It's time to get some new glasses; perhaps in January, so I can spend the rest of the winter reading enlightening literature and emerge into Spring as a fresh new bespectacled and clever cover-version of the previous me.
And it can be my one-competition-entry-a-year; I did that last year and won this computer, so you never know!

Monday, November 26, 2007

Louise Bourgeois

I met up with Caroline Coon today- she looked beautiful, long straight white-blonde hair, fitted black coat, slender legs and boy's shoes, what style the woman has!- at the Tate Modern, to see the Louise Bourgeois exhibition. We investigated the crack (apparently 14 people have fallen down it so far), then went and lunched with a view at the restaurant upstairs, admiring St Paul's and also the giant cranes; Caroline says she saw a documentary about them once. I told her about the embroidery I'd started of the cranes at Wembley- i got as far as doing the embroidered frame round the outside, then left it too long and in the meantime, they finished the stadium and took the cranes away.
Bah!
If I was a trillionaire I'd get 'em to put the cranes back just so I could finish the embroidery! It was going to be in black and white, because that seemed like a good idea, what with all those choices of embroidery thread colours. I had several different blacks and several different whites. Alas, my pretentiousness has been thwarted by the passing of time and the completion of the Wembley building project on time, near as dammit!
Louise Bourgeois is completely inspiring- there was one particular marble sculpture, of a seated animal with paws'n'claws and six globes hanging from its chest; its skin was stretched tautly over its spine and you could see the vertebrae just at the most curved part. The marble was polished to such a smooth finish, you wanted to stroke it. There were some drawings and models of housewives, women whose heads had been consumed by square and solid houses leaving their bodies helplessly dangling below them, that defined a feeling almost impossible to articulate in words but all too clear in her expression of it. She'd made little pink sewn model people with two heads, one head, eyelids, almost dolls but a little too scary. Oh do go and see it!
Afterwards we crossed the Millennium Bridge in search of coffee; unfortunately, I became too coughy myself (har har) and decided to tube it home.
Strange to have a cold- I don't get them very often. I hope it clears up by Wednesday because I'm supposed to be re-doing the vocals for the next album. I'll know tomorrow if I'm gonna be better in time. At the moment, I sneeze every time I sniff a strong smell, cough when my lungs hit the cold air, and walk like a 70-year-old man because my legs and arms are so stiff.
My nose is red and sore, my eyes are watering, and my head has settled somewhere between here and Mars.

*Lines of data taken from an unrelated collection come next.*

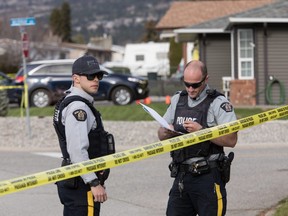 RCMP officers work outside a crime scene in Penticton, B.C., on Monday April 15, 2019.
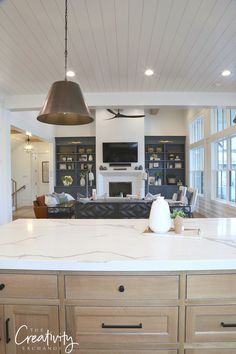 the kitchen is clean and ready to be used as a living room or dining area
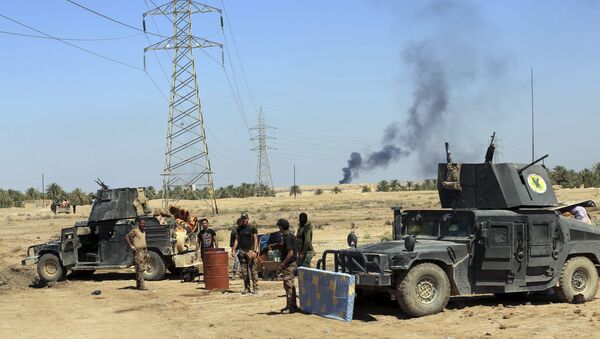 Smoke rises from Daesh positions after a US-led coalition airstrike as Iraqi Security forces surround the town of Hit, 85 miles (140 kilometers) west of Baghdad, Iraq. file photo - Sputnik International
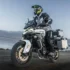 Ein Motorradfahrer mit Helm und schützender Enduro-Bekleidung fährt auf der weiß-grauen Reiseenduro CFMoto 800MT-ES samt montierten Aluminium-Seitenkoffern über eine unbefestigte Piste an einer Gewässerkulisse.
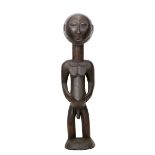 A HEMBA MALE ANCESTRAL FIGURE, DRC The stylised fi
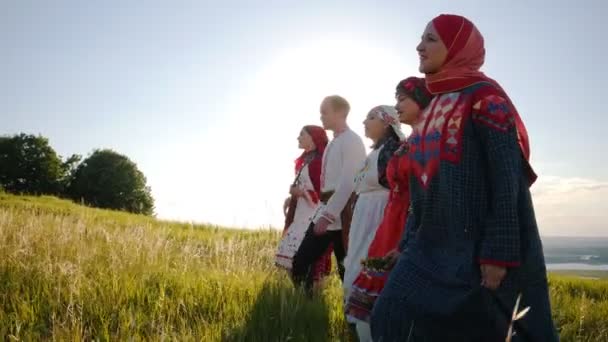 Ženy a muži v tradičních ruských folklórních šatech v řadě na hřišti a zpívající píseň - Záběry, video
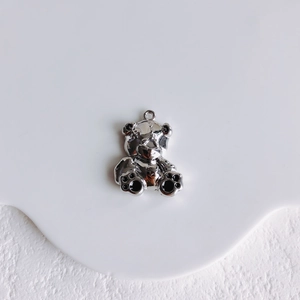 Close-up of polished silver bear charm with black enamel details for DIY jewelry making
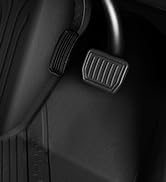 Multiple views of a black rectangular speaker or audio device with sharp angular design, showing different angles and perspectives against dark and illuminated backgrounds.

Saturday, November 24, 2007

Playing guitar

The great thing about playing guitars is that you can play them like this...

Or like this....

Or this....

This....

Or even this!

Friday, November 23, 2007

Unicorn Theatre Gig

I have a very special gig coming up close to Christmas, close to London Bridge.
It's a totally acoustic, unplugged gig supporting Martin Stephenson at the Unicorn Theatre on Friday 14th December, and if you would like to come, it would be really good if you get your tickets in advance from:

Email: boxoffice@unicorntheatre.com

If you want to check the venue out the website is www.nakednights.co.uk

I might even sing the Christmas Queen song.
Learn the backing vocals and join in!!!!
Free download from www.bendirecords.com
I'll have a very limited number of CDEPs which I'll do mail order when they arrive, about 10th December- watch this space for details!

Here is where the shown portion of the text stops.